Data supplied
########################################
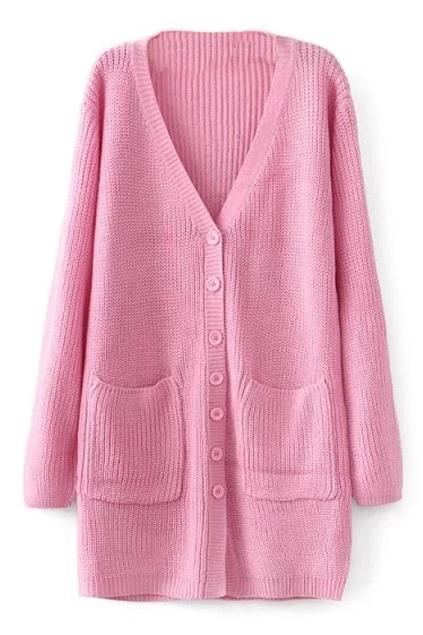 Romwe V Neck Pink Cardigan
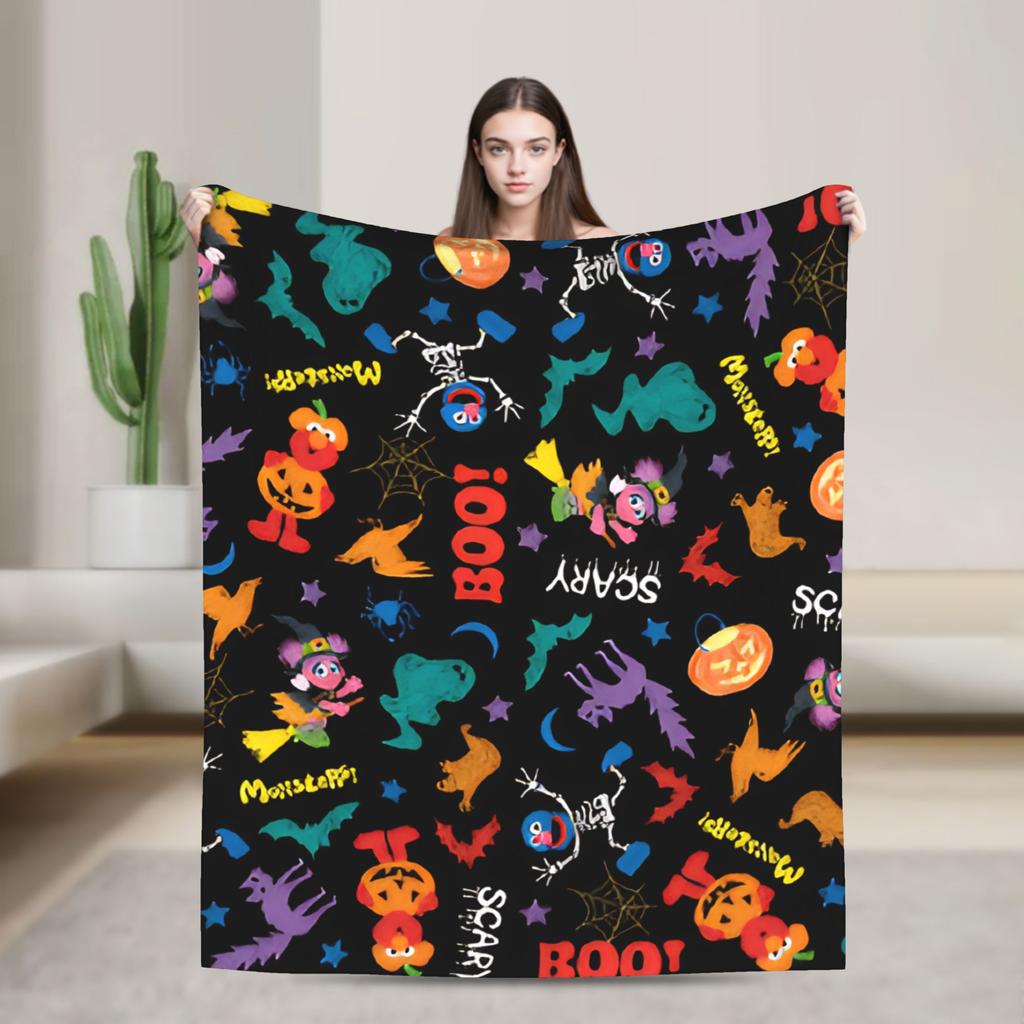 Christmas Present Pattern Blanket S-Sesames Streets Warm Soft Plush Throw Blanket For Couch Sofa Bed Flannel Bedspread Bed Cover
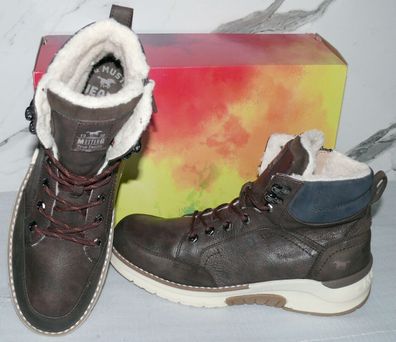 Mustang Denim Warme ZIP Herbst Winter Schuhe Boots Stiefel Futter 42 Braun D49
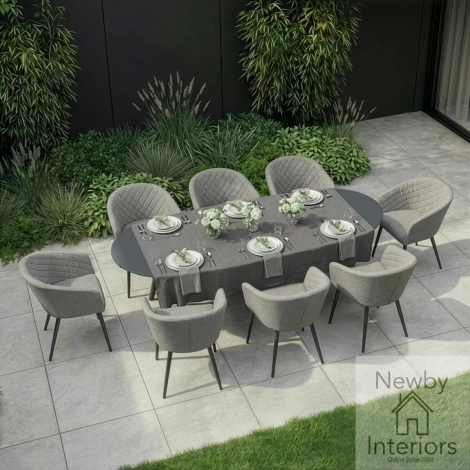 FB-DN-AMB-8SOV-SS-ZG - Maze Outdoor Fabric Ambition 8 Seat Oval Dining Set Zinc Grey Frame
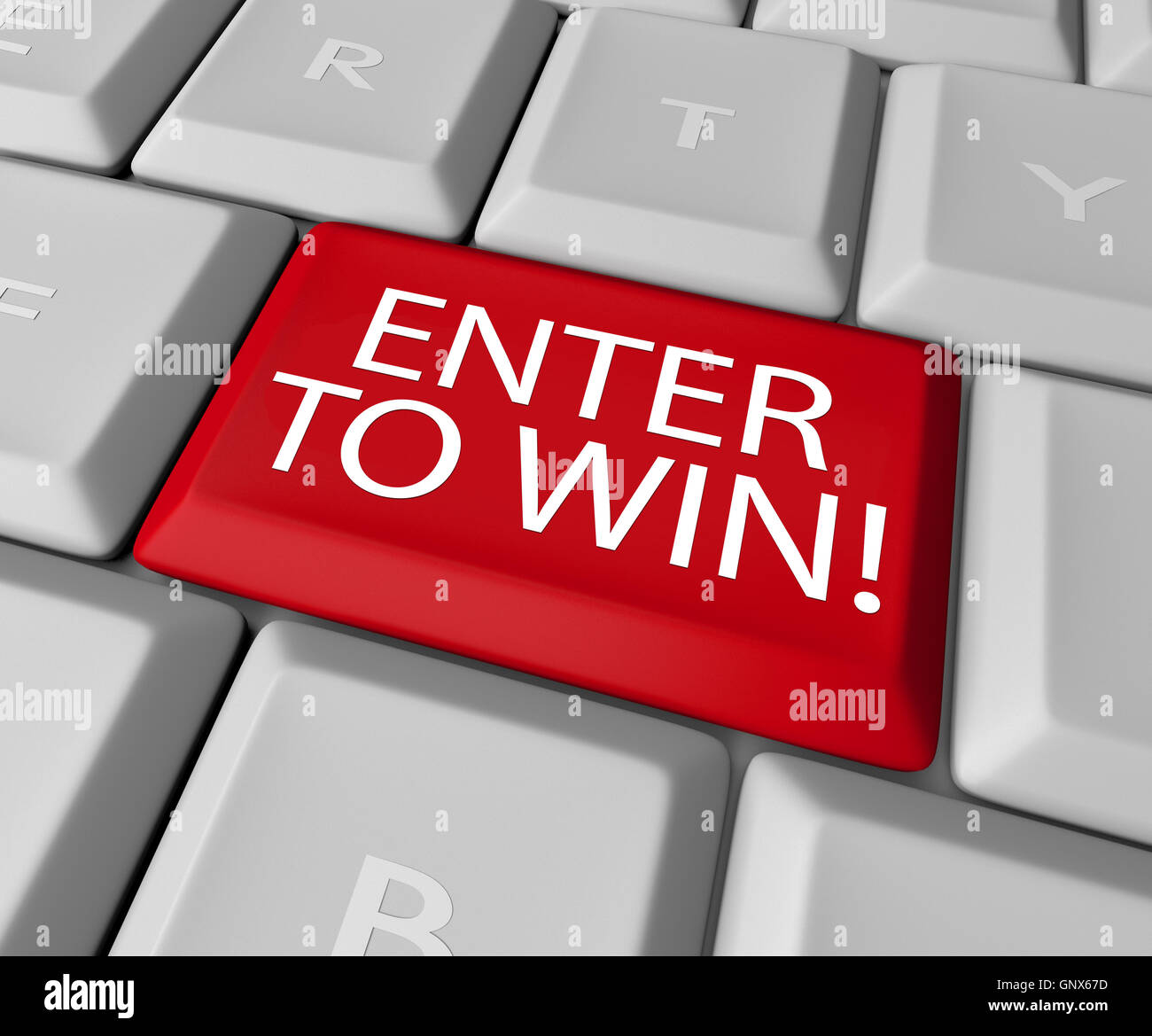 Enter to Win Contest Drawing Raffle Lottery Computer Key Stock Photo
########################################
What is needed
Excluding images, return all of the records above word for word.

Exercise solution
 Romwe V Neck Pink Cardigan
 Christmas Present Pattern Blanket S-Sesames Streets Warm Soft Plush Throw Blanket For Couch Sofa Bed Flannel Bedspread Bed Cover
 Mustang Denim Warme ZIP Herbst Winter Schuhe Boots Stiefel Futter 42 Braun D49
 FB-DN-AMB-8SOV-SS-ZG - Maze Outdoor Fabric Ambition 8 Seat Oval Dining Set Zinc Grey Frame
 Enter to Win Contest Drawing Raffle Lottery Computer Key Stock Photo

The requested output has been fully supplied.